Huntington filmmaker Michael Ien Cohen's 'Humanity Stoked' has Long Island debut
A lifelong dream is coming true for a Long Island filmmaker whose award-winning debut documentary, “Humanity Stoked,” will play two local screenings this month.
“It was made for nothing by a nobody from nowhere,” writer-director Michael Ien Cohen, of Huntington, said. “That’s really the story of the film.”
In “Humanity Stoked,” Cohen uses his longtime love of skateboarding as an entree into deeper discussions with various athletes, artists and celebrities. Among the more famous names Cohen persuaded to sit for interviews are astrophysicist Neil DeGrasse Tyson, artist Shepard Fairey, jazz musician Arturo O’Farrill and numerous professional skateboarders, including Tony Hawk. Cohen, 56, said he was mainly interested in exploring the idea of fear — how it affects people’s lives and how it can be overcome.
“The film is not even about skateboarding at all,” he said. “It gets into these really heavy subjects. These people are really vulnerable on camera.”
“Humanity Stoked” arose from a moment of personal revelation. A Brooklyn native whose family moved to Merrick when he was 2 years old, Cohen said he had youthful dreams of becoming a filmmaker and a humanitarian but instead wound up starting a software firm and an industrial magnet manufacturing company. Several years ago, depression set in.
“I had lived a rather fear-based life, and I’d never really tried to do anything about becoming a filmmaker or a humanitarian,” Cohen recalled. As his 40s turned into his 50s, he said, “I just had this epiphany that I couldn’t let fear rule my life anymore.”
Cohen began production in 2018, vowing that any revenue from the film would go to WhatStopsYou.org Foundation, a Plainview-based children’s charity that he launched the previous year.
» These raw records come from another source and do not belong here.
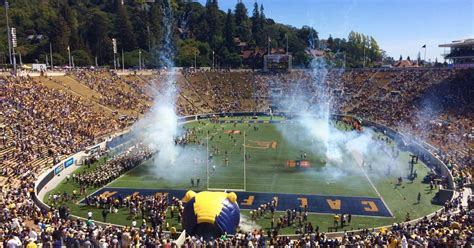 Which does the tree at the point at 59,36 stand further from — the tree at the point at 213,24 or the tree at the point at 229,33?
the tree at the point at 229,33

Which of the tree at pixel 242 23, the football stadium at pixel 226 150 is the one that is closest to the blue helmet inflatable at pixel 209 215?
the football stadium at pixel 226 150

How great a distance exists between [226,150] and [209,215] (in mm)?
24663

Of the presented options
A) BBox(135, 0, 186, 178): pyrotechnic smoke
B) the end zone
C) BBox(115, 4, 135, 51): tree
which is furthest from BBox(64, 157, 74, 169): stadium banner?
BBox(115, 4, 135, 51): tree

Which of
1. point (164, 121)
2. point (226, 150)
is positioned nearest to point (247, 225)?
point (226, 150)

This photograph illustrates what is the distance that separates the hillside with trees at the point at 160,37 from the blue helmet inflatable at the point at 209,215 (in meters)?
72.4

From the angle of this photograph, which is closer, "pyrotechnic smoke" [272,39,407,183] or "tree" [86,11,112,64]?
"pyrotechnic smoke" [272,39,407,183]

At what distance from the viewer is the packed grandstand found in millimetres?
17469

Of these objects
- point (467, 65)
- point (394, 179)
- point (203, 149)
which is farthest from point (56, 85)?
point (467, 65)

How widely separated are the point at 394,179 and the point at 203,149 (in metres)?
17.2

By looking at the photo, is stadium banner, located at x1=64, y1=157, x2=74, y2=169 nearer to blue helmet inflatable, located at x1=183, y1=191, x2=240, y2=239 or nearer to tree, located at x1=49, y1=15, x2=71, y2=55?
blue helmet inflatable, located at x1=183, y1=191, x2=240, y2=239

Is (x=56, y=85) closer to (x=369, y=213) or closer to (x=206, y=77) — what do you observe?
(x=206, y=77)

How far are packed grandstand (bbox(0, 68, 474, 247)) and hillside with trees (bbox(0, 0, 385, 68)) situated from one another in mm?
16573

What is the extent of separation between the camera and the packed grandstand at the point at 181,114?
17.5 metres

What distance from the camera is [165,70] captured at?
79938 millimetres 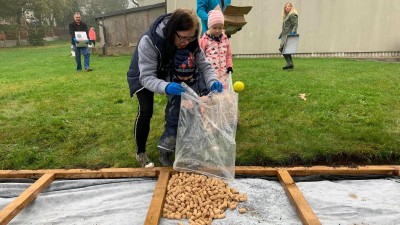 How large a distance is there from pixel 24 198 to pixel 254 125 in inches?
92.7

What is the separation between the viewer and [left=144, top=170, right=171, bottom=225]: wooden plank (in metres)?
2.08

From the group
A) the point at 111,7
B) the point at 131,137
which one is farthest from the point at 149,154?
the point at 111,7

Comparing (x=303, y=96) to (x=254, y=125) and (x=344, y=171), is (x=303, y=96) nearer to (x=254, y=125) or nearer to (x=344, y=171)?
(x=254, y=125)

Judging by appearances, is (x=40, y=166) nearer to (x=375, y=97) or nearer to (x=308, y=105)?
(x=308, y=105)

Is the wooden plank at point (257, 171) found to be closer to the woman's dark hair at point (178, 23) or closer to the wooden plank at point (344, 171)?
the wooden plank at point (344, 171)

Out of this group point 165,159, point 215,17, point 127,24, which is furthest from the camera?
point 127,24

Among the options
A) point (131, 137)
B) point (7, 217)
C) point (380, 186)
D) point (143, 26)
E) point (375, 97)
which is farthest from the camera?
point (143, 26)

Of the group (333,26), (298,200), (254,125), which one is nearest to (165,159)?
(298,200)

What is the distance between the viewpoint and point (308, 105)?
4328mm

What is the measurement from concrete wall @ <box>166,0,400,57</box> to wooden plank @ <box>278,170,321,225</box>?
9917mm

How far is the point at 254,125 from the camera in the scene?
3.70 meters

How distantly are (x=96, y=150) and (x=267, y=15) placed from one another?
9.94m

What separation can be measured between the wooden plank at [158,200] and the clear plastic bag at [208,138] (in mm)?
193

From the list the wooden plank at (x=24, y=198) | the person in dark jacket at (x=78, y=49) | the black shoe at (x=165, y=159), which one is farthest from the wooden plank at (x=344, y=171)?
the person in dark jacket at (x=78, y=49) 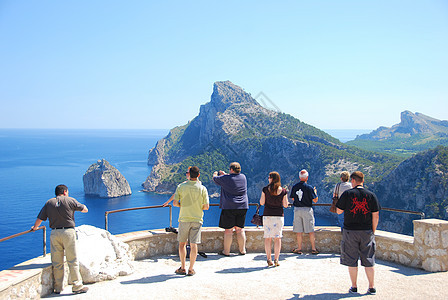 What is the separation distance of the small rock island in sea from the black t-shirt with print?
4912 inches

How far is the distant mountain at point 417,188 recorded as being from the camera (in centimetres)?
8219

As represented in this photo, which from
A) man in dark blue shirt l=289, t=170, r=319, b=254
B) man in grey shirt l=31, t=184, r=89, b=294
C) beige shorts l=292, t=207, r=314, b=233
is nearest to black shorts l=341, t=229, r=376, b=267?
man in dark blue shirt l=289, t=170, r=319, b=254

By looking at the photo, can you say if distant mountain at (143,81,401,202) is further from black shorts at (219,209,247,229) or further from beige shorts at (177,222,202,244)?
beige shorts at (177,222,202,244)

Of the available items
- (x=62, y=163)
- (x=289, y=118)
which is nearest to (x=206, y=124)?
(x=289, y=118)

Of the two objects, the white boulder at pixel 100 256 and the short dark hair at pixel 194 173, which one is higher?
the short dark hair at pixel 194 173

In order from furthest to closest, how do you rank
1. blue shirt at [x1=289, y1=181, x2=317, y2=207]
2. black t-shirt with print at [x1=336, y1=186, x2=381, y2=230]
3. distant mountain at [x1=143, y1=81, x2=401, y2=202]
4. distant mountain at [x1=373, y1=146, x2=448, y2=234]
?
→ distant mountain at [x1=143, y1=81, x2=401, y2=202] → distant mountain at [x1=373, y1=146, x2=448, y2=234] → blue shirt at [x1=289, y1=181, x2=317, y2=207] → black t-shirt with print at [x1=336, y1=186, x2=381, y2=230]

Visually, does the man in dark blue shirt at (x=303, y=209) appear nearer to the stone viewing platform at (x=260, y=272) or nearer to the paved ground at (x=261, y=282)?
the stone viewing platform at (x=260, y=272)

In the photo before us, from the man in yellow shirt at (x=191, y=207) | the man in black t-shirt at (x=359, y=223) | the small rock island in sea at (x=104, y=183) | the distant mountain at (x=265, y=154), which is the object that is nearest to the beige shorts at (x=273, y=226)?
the man in yellow shirt at (x=191, y=207)

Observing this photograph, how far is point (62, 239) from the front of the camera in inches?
226

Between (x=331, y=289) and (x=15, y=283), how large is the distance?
4.60 meters

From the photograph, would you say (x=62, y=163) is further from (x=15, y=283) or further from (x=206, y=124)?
(x=15, y=283)

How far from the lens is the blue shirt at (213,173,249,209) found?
7.30m

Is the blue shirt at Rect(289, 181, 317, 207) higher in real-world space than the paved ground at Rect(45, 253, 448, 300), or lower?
higher

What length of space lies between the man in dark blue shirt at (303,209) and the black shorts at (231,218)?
1126 millimetres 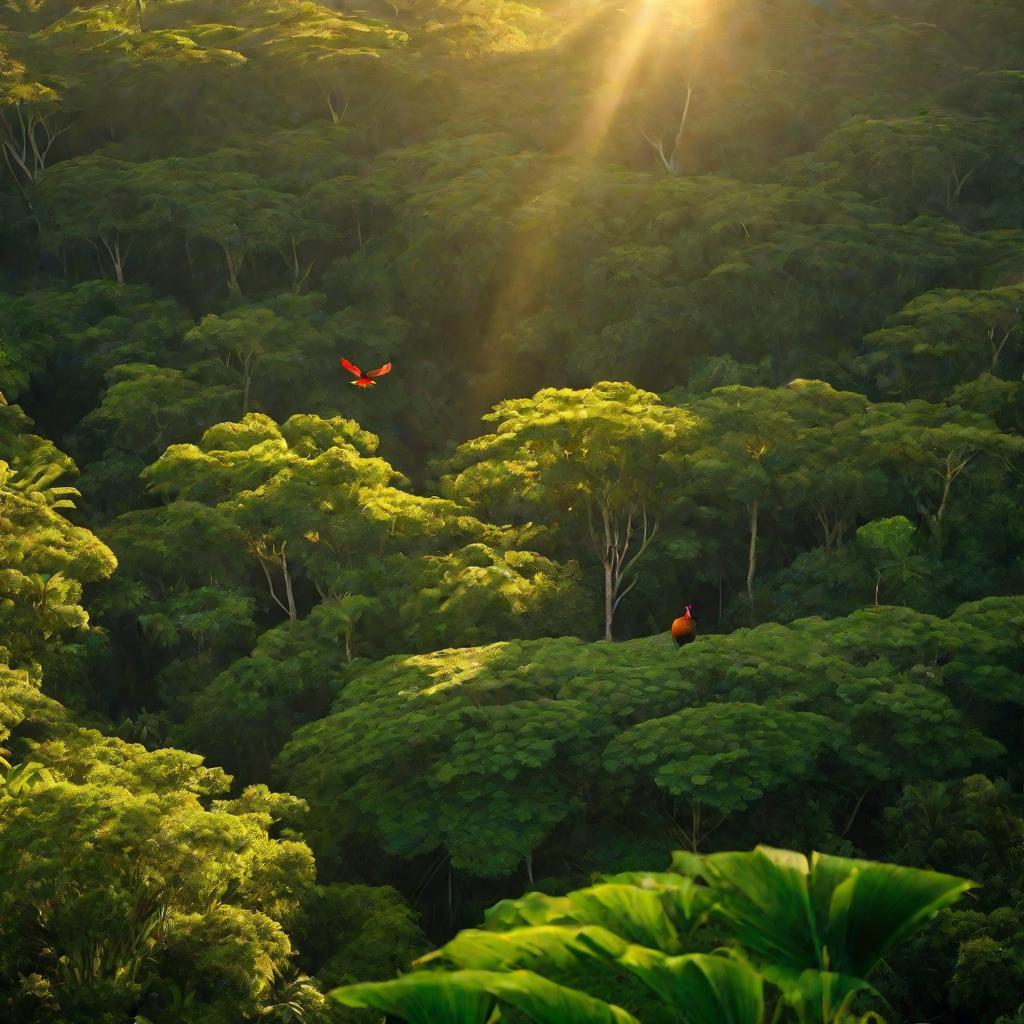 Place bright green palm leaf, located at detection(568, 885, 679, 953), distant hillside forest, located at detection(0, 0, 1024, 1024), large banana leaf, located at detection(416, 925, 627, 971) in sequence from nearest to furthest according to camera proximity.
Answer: large banana leaf, located at detection(416, 925, 627, 971)
bright green palm leaf, located at detection(568, 885, 679, 953)
distant hillside forest, located at detection(0, 0, 1024, 1024)

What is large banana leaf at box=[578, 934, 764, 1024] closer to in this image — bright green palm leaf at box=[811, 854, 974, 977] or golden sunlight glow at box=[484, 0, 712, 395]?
bright green palm leaf at box=[811, 854, 974, 977]

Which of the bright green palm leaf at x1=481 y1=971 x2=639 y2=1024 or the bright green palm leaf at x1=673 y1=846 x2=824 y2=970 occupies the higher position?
the bright green palm leaf at x1=673 y1=846 x2=824 y2=970

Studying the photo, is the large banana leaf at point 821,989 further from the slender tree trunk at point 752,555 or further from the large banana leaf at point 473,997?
the slender tree trunk at point 752,555

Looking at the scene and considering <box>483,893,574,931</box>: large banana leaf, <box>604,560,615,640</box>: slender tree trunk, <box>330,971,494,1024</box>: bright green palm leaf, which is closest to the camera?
<box>330,971,494,1024</box>: bright green palm leaf

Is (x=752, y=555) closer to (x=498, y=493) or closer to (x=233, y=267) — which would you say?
(x=498, y=493)

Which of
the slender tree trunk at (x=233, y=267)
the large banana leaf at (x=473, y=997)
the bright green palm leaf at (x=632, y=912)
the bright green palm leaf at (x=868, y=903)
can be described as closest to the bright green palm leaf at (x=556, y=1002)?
the large banana leaf at (x=473, y=997)

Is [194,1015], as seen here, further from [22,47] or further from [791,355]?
[22,47]

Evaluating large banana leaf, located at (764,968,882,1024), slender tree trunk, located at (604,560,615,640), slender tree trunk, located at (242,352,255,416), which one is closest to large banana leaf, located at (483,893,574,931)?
large banana leaf, located at (764,968,882,1024) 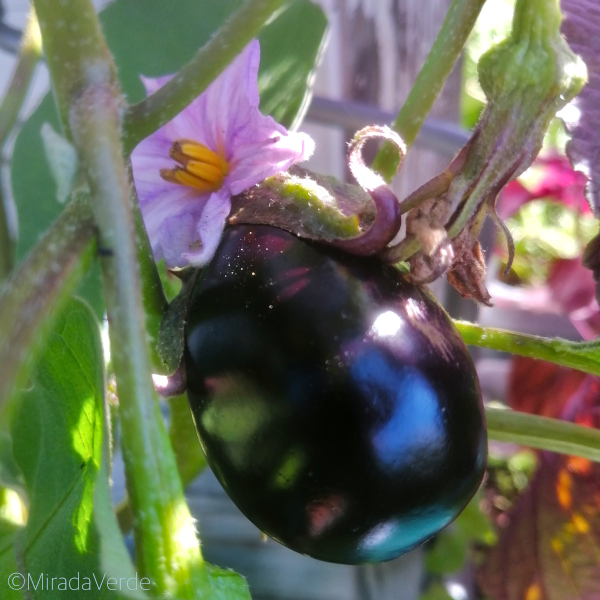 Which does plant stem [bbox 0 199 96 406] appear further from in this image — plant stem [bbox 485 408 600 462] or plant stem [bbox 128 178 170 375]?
plant stem [bbox 485 408 600 462]

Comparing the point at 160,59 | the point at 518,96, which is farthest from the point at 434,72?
the point at 160,59

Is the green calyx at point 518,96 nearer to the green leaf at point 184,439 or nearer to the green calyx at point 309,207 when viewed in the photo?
the green calyx at point 309,207

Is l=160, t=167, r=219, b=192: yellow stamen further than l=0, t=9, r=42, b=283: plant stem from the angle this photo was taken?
No

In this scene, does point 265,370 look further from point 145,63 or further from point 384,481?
point 145,63

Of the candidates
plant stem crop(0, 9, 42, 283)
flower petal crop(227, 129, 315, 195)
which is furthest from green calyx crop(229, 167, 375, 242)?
plant stem crop(0, 9, 42, 283)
All crew members were hired on a volunteer basis, Cohen said, and he obtained the rights to roughly 500 pieces of music and archival footage for free. “Everything is gratis,” he said. “That’s why the credits are so long. If someone volunteered, even for just a day, all I could do was acknowledge them.”
Having already played at more than 30 film festivals around the world and won several awards, “Humanity Stoked” will hold its Long Island premiere July 15 at Huntington’s Cinema Arts Centre. It screens again July 20 at the Bellmore Movies and Showplace as part of the Long Island International Film Expo. Cohen will appear in person at both showings.
“If you had told me six years ago that I would be a filmmaker, let alone one traveling all over the world, I would have had you committed,” Cohen said. “The film is really about understanding what you can do in life.”